Going out and meeting people, not to mention garnering up the courage to actually say “hey, I like you, let’s go out” has always been tough. Millennials, however, are especially bad at it (So if you thought you were alone in that struggle here’s the good news- you’re not). But why is our generation so bad at building connections and engaging with the people around them?
Well, there are a number of answers to that question, some of which are explored in this short, but marvellous, video by the Atlantic.
According to the Atlantic video, young people today have become extremely “stranger averse” due to having grown up with “stranger danger” campaigns in the 80s and 90s. Parents taught their children not to talk to strangers and the message stuck. This is great when you want to avoid getting abducted, but not wonderful if you’re out in the world as a human adult and looking for a mate. As if that wasn’t enough, we all look extremely unapproachable with our AirPods in, and our eyes glued to our collection of devices (Nobody wants to be that person who interrupts and does the “please take your earphones out” mime. you know the one). In the words of Ashley Fetters, staff writer at the Atlantic, “meet-cutes are hard when nobody wants to talk to strangers”.
In fact, talking to strangers has become so undesirable that many of the interactions people previously had with strangers have become digital and automated (think robotic customer service phone lines, and the self-checkout at the supermarket). We can avoid going out and being in a restaurant full of strangers (and potential soulmates?) thanks to the rise of food delivery apps like Uber Eats. And let’s be real, the chances of your Uber Eats delivery person being The One are, statistically, quite slim. Long story short, according to Fetters, less exposure to new people means less chatting to strangers, which translates as less flirting with said strangers.
Another idea explored in the video is that, with the popularity of applications like Tinder, Hinge and Bumble, the entire dating experience is disconnected from the rest of our social experiences. As Elisabeth Sherman writes for Rolling Stone, “online dating seems to have further complicated the already mysterious process of falling in love”.
Communication is based largely on texts and not on real-time, face-to-face conversation. On top of that, there’s added pressure to live up to the outgoing (and not broke) version of ourselves from our social media profiles when we do encounter the people we chat to in the real world.
When we text the cutie we met online, it’s easy to craft witty responses and showcase our best selves. We can spend hours pondering the perfect caption to go along with the photo we got our dad to take fifty times before he got it just right, and nobody will know. It can therefore induce a fair bit of anxiety when the afore-mentioned cutie is standing before us and smelling really good, and expecting us to say something clever and funny (and horrifyingly unscripted) a la all our neatly composed Instagram captions.
It can therefore get awkward trying to live up to our online doppelgangers. According to Sherman “most Millennials project an outgoing version of [themselves] on social media that [they’re] too cautious to actually live out in reality” because they’re afraid of getting hurt emotionally or, as mentioned previously, abducted by a stranger with an unmarked van. We all want to look like we’re confident and outgoing, but many of us are too afraid to really put ourselves out there, especially if it means maintaining conversation with the person next to us on the train or in the line at the supermarket.

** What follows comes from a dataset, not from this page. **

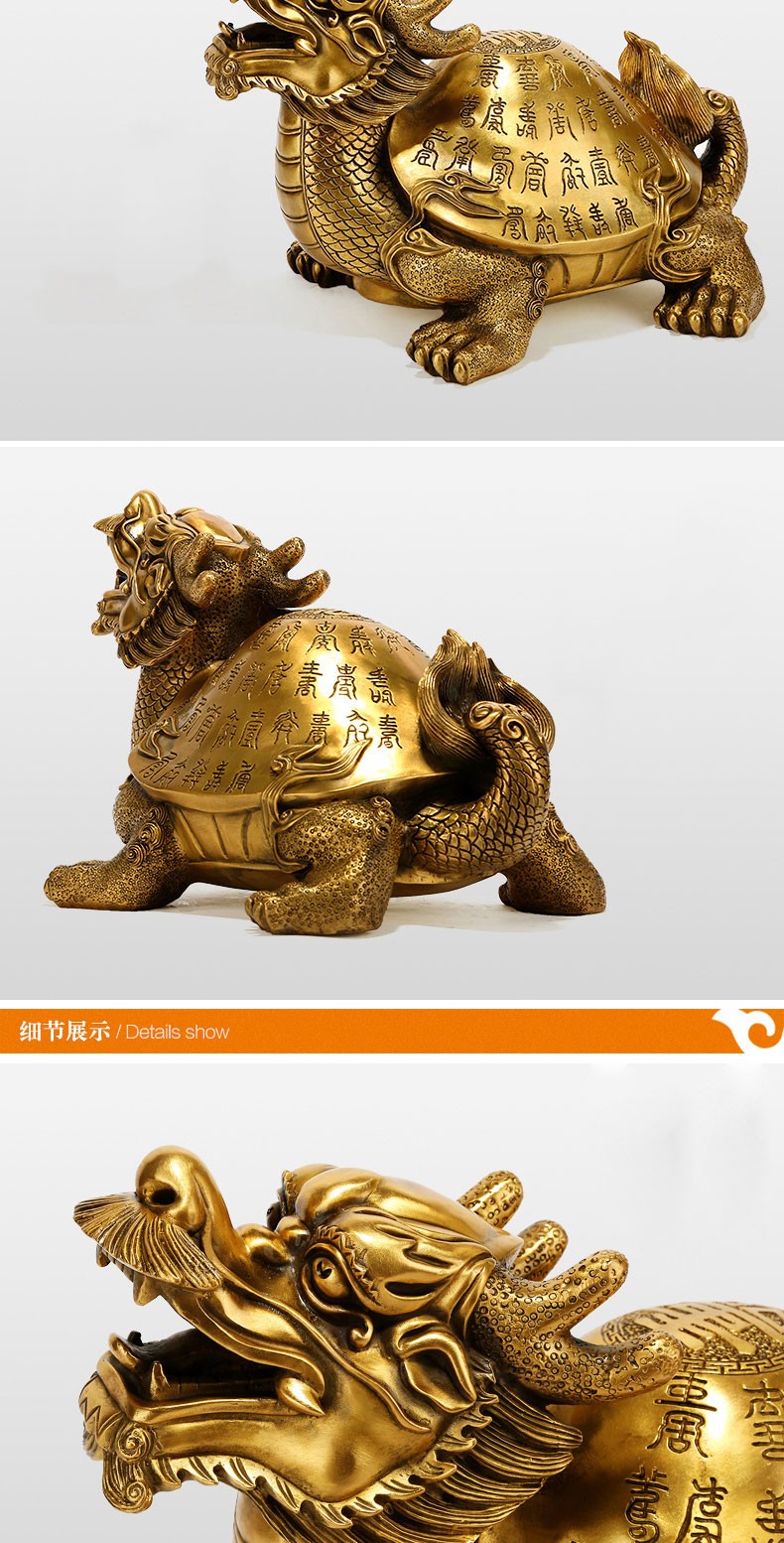 威焱淼全铜百寿龙龟摆件创意家居柜台装饰商务合作办公室摆设礼物送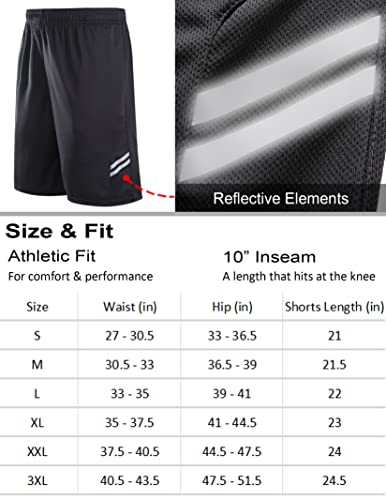 Pack Of 5 Men's Athletic Basketball Shorts Mesh Quick Dry Activewear With Pockets (Set 2, Large) #TOP6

Not only that, but dating apps and social media have created a culture of belief that there’s always something better out there. This chronic dissatisfaction extends from travel destinations, to fashion, and of course to our relationships. Regardless of the wonderful person standing next to us, our real soul mate may be just another right swipe away (or perhaps delivering our next Uber Eats order).
It’s therefore easier than ever before for young, single people to opt-out of having in-person social experiences, and this may be harming the way we do act when we’re trying to create new relationships in the real world. This doesn’t mean that we don’t want to create meaningful bonds with others, it just means that we have to find ways of figuring it out, and this is a struggle that generations before us, and generations after us don’t have.
Sherman explains that millennials are in an in-between space that is hard to navigate. “The generation ahead us is fluent in technology; those now-teenagers were raised on it. But Millennials live in two worlds: one that didn’t need the Internet to fall in love, and one that almost requires it”. Straddling these two worlds is an uncomfortable balancing act which, predictably, involves a lot of awkward silences and lame jokes, as well as snapchat filters and sentences comprised of only emojis.
The Millennial dating landscape is an awkward space, but then again, dating has always been awkward. I guarantee your parents and grandparents have bad date stories and dad-joke moments too.
It’s not all gloom and doom for us, though. We are now more likely than ever to date across racial, ethnic, or religious groups. The challenge now is just to put ourselves out there, honestly, openly and in person, the way the boomers had to do it. It just so happens that now we have more options and more efficient ways to keep in touch once we have approached that person in the café.
And THAT, my fellow Millennial singles, is very exciting.